WHAT TO DO: Write out, word for word and with no pictures, each line below from the one containing "DIHSIEG Floral Canvas" through the one containing "Little Mouse 5", both included, and no other line.

INPUT RECORDS:
-.-.-

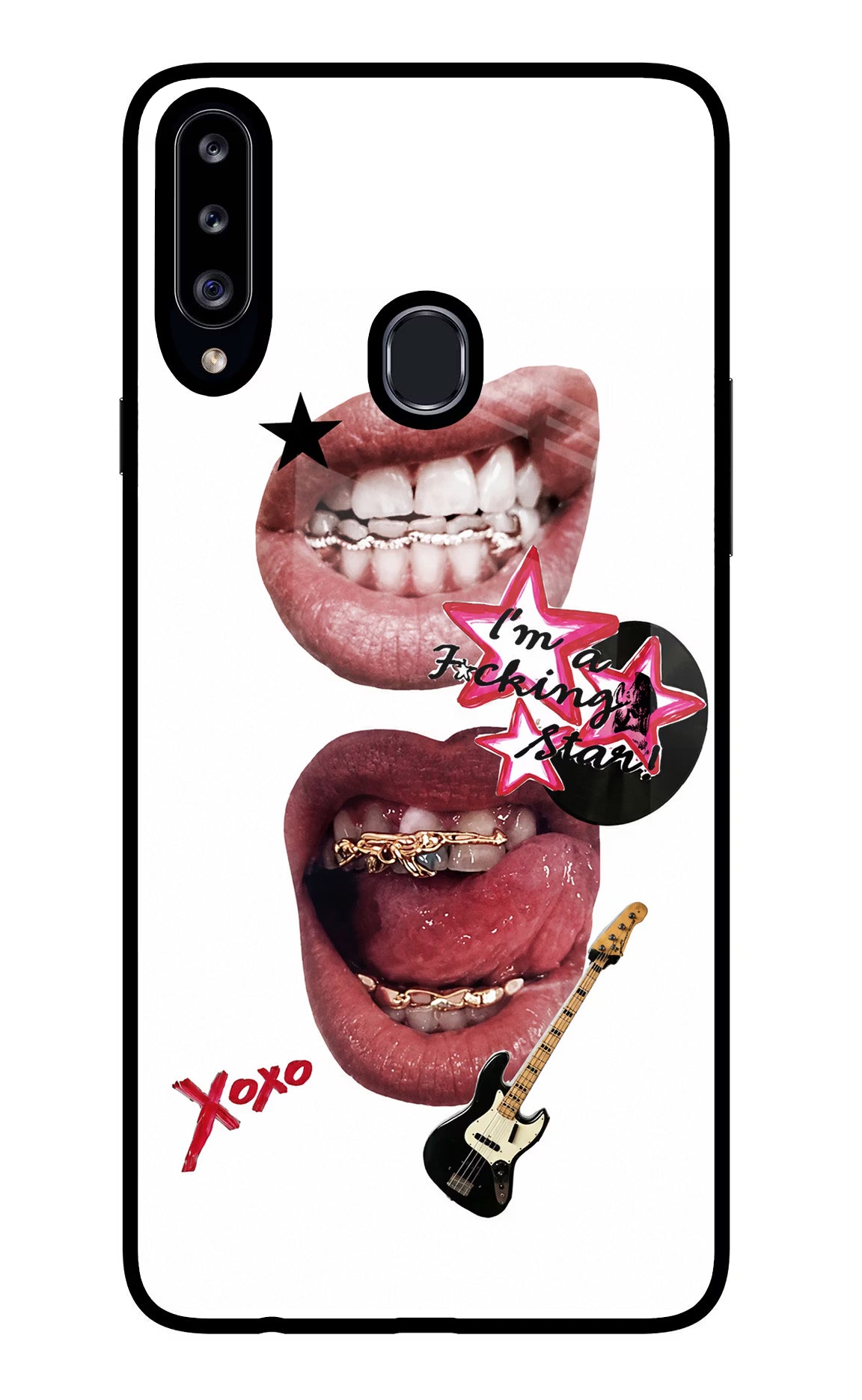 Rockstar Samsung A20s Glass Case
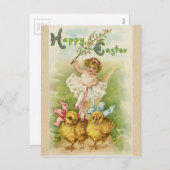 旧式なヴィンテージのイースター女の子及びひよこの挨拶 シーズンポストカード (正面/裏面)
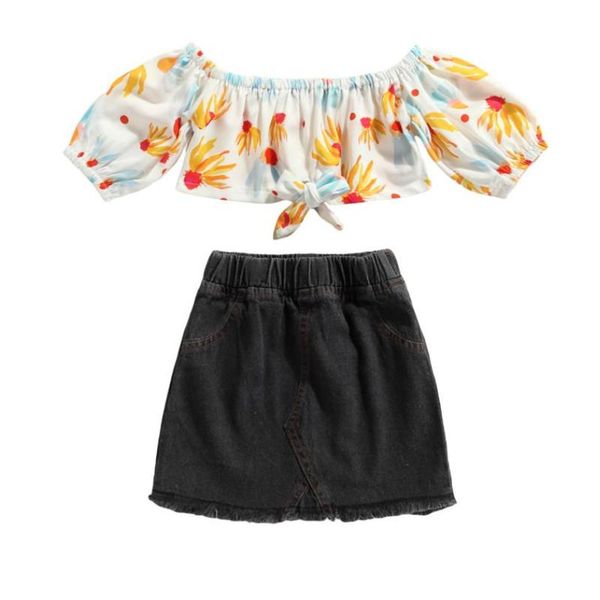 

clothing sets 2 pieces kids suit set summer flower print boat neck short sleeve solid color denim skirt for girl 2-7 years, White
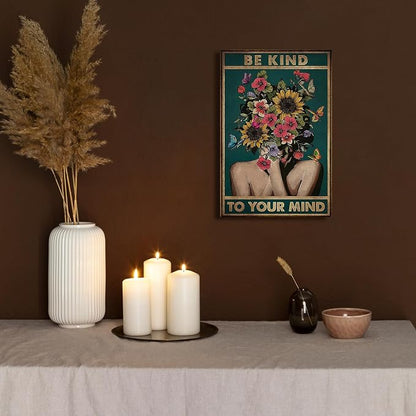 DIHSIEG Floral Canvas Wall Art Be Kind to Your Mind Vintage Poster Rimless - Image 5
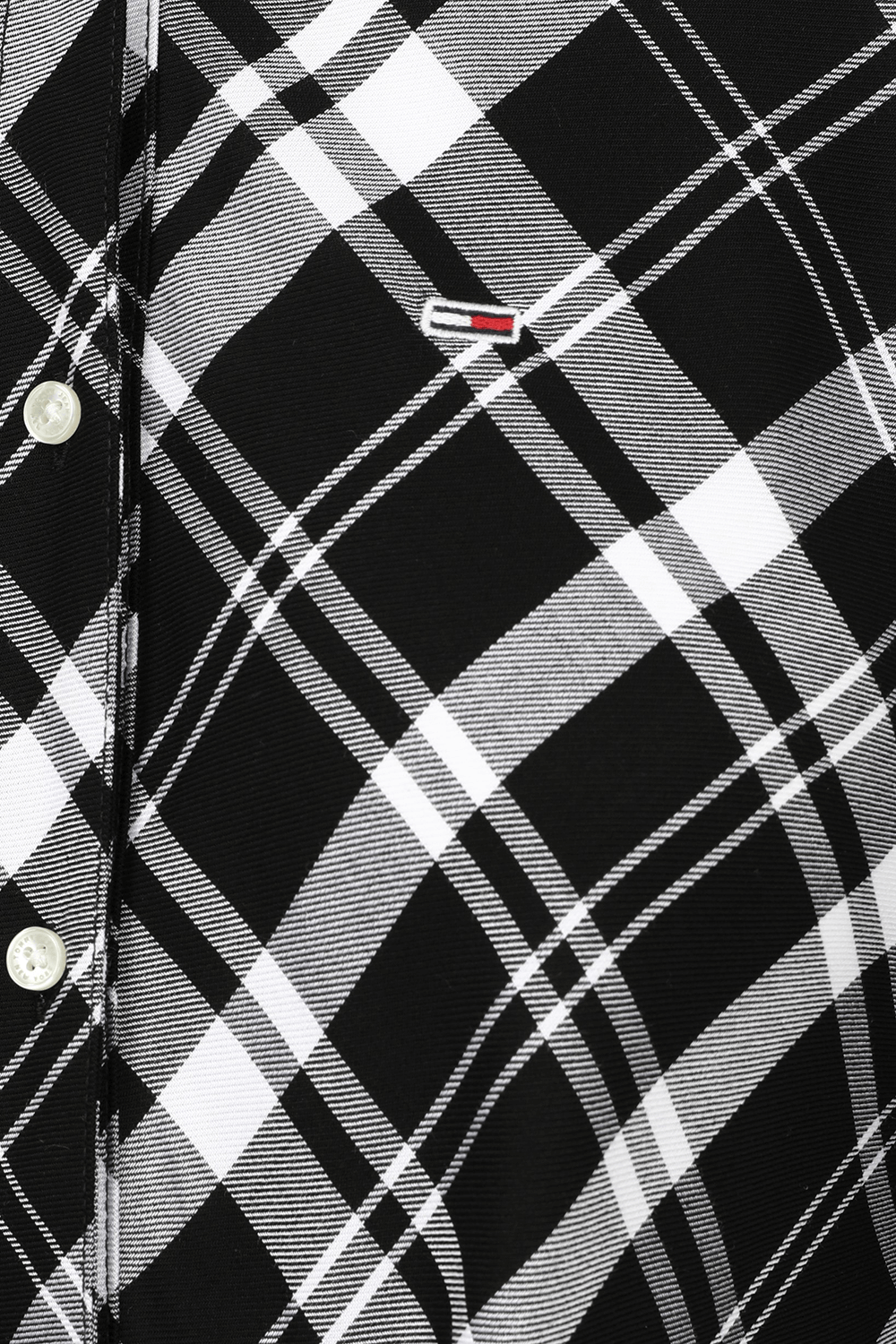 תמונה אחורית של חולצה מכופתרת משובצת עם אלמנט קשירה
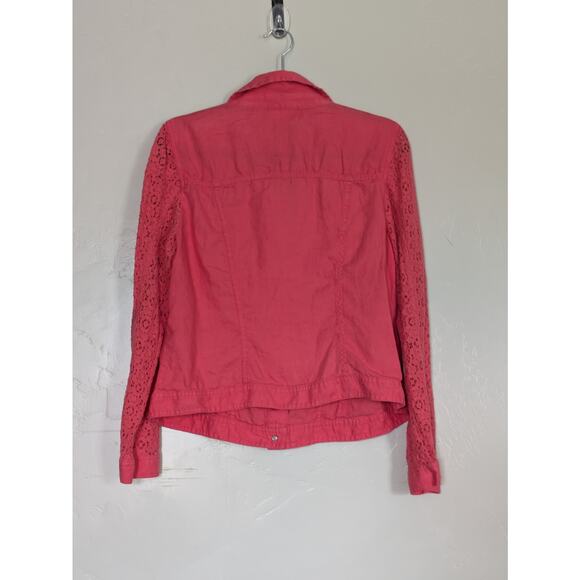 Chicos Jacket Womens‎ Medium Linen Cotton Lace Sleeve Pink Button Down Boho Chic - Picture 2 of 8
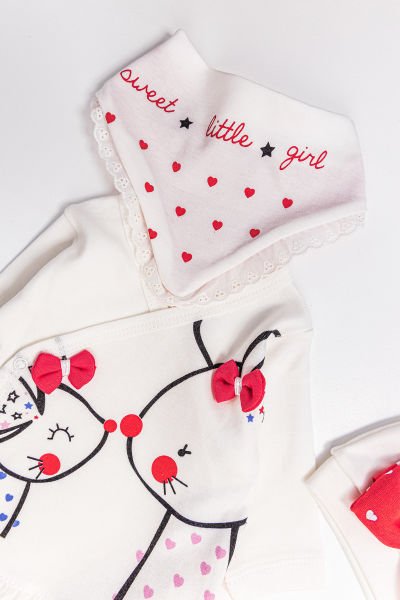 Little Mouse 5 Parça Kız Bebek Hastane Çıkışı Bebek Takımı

-.-.-

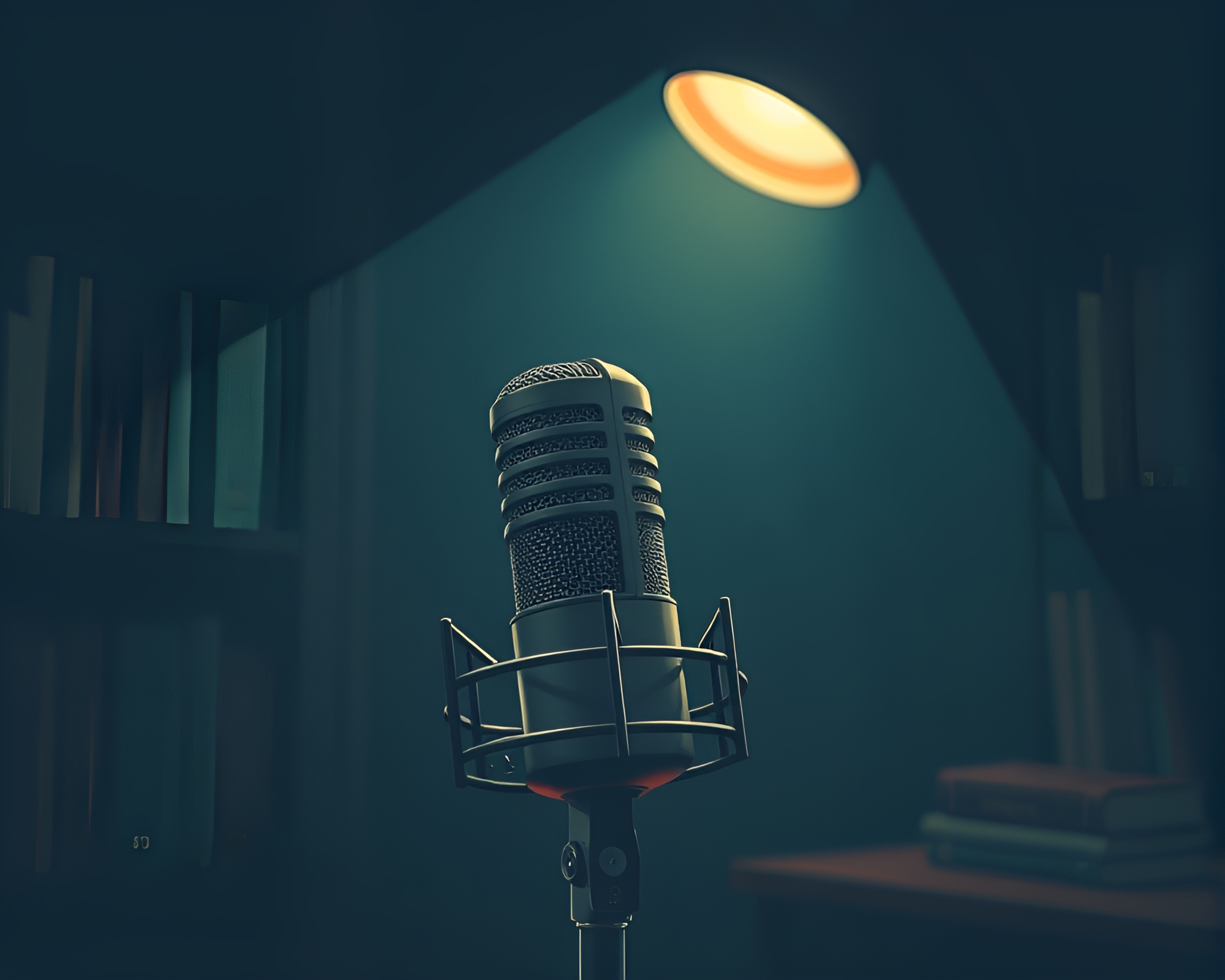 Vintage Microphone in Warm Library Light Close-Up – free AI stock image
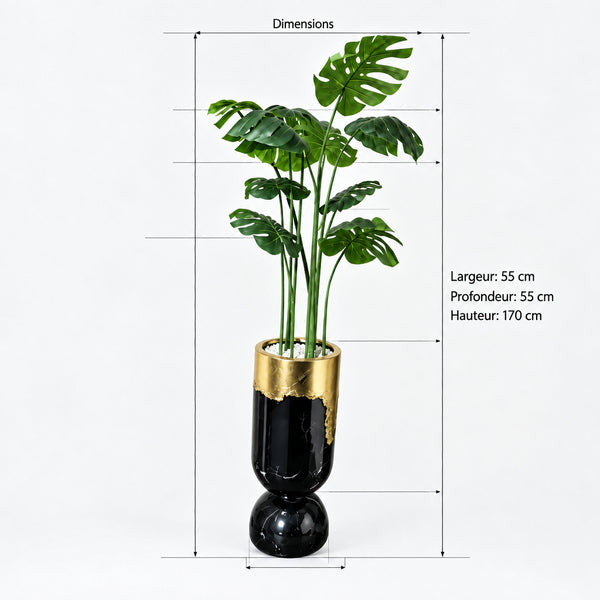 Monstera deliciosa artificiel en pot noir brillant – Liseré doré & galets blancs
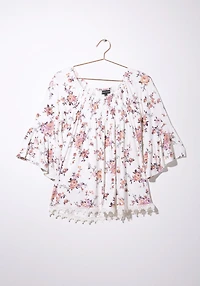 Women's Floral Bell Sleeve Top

-.-.-

SOLUTION TO THIS EXERCISE:
 DIHSIEG Floral Canvas Wall Art Be Kind to Your Mind Vintage Poster Rimless - Image 5
 תמונה אחורית של חולצה מכופתרת משובצת עם אלמנט קשירה
 Chicos Jacket Womens‎ Medium Linen Cotton Lace Sleeve Pink Button Down Boho Chic - Picture 2 of 8
 Little Mouse 5 Parça Kız Bebek Hastane Çıkışı Bebek Takımı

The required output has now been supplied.